Required work —
Exactly as written, return all the data, leaving its pictures behind.

Dataset extract —
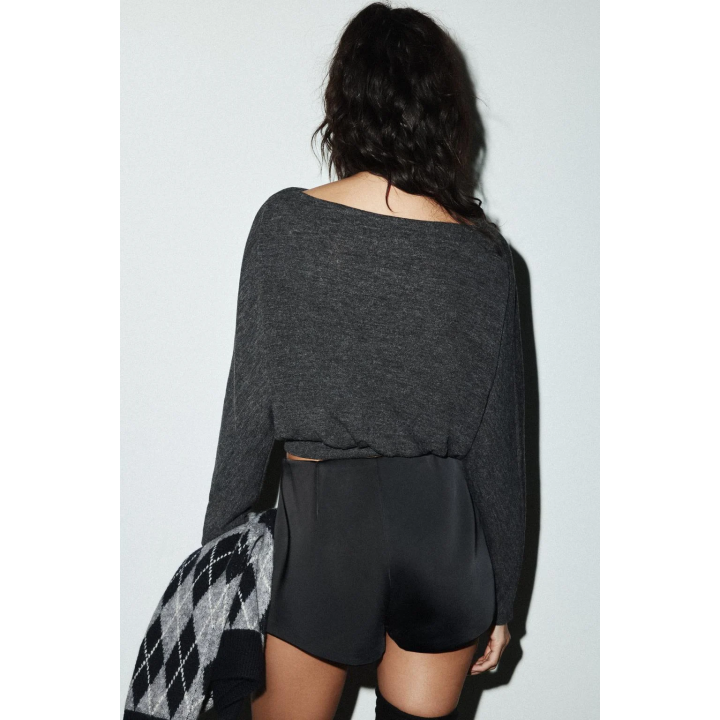 МЯГКИЙ СВИТЕР С ДЛИННЫМИ РУКАВАМИ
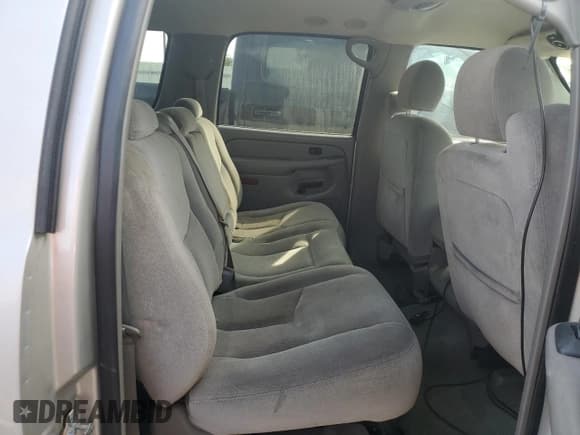 ✅ 2004 GMC Yukon XL SLT • VIN: 1GKEC16Z64J201494 • Lot: 75116274. Listed on Copart with 201,386 mi. Free auction sales archive from the USA and detailed vehicle history report at DreamBid. Image 11.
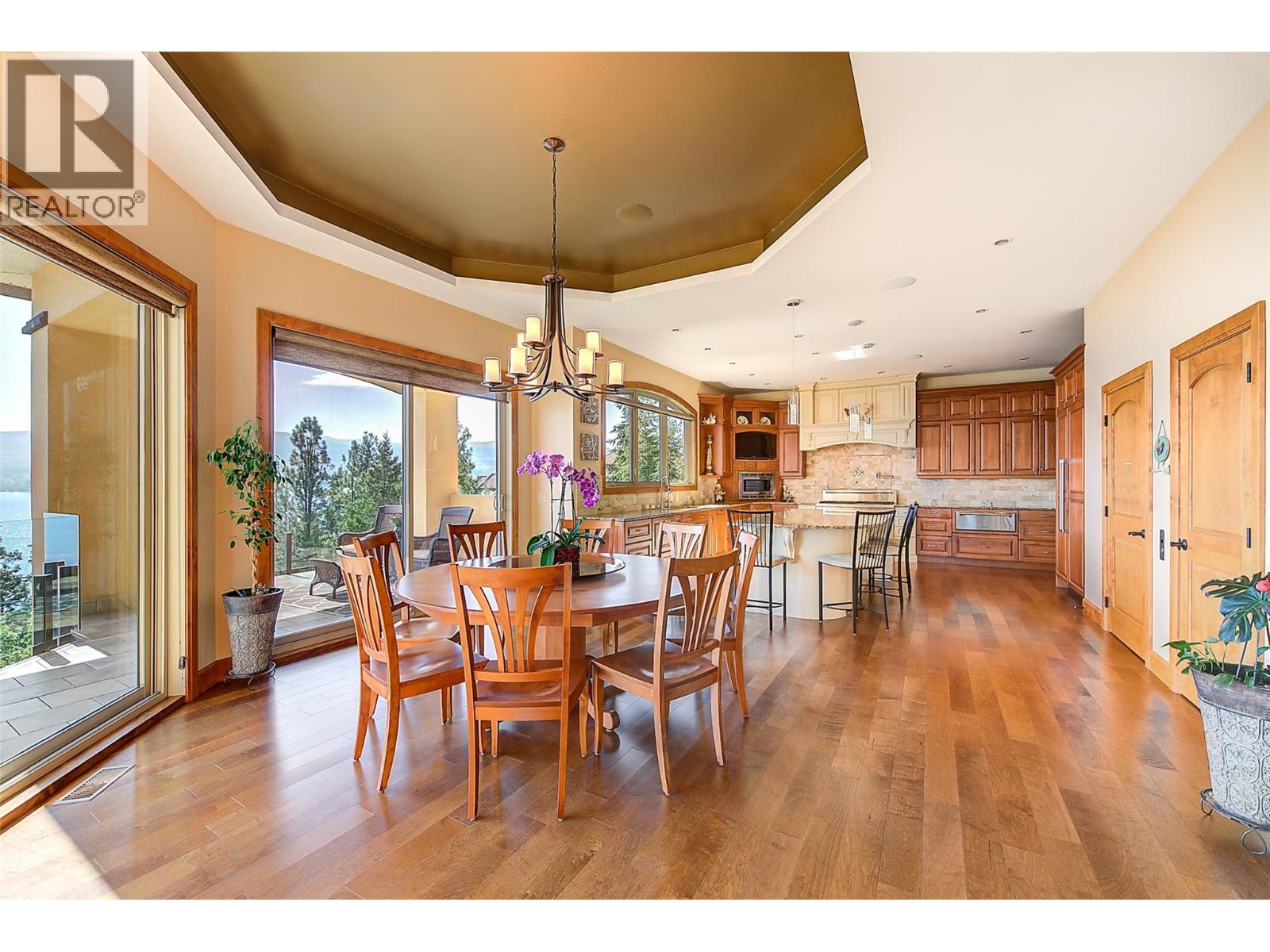 2513 Casa Palmero Drive Property Photo 18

Solution for this problem —
 МЯГКИЙ СВИТЕР С ДЛИННЫМИ РУКАВАМИ
 ✅ 2004 GMC Yukon XL SLT • VIN: 1GKEC16Z64J201494 • Lot: 75116274. Listed on Copart with 201,386 mi. Free auction sales archive from the USA and detailed vehicle history report at DreamBid. Image 11.
 2513 Casa Palmero Drive Property Photo 18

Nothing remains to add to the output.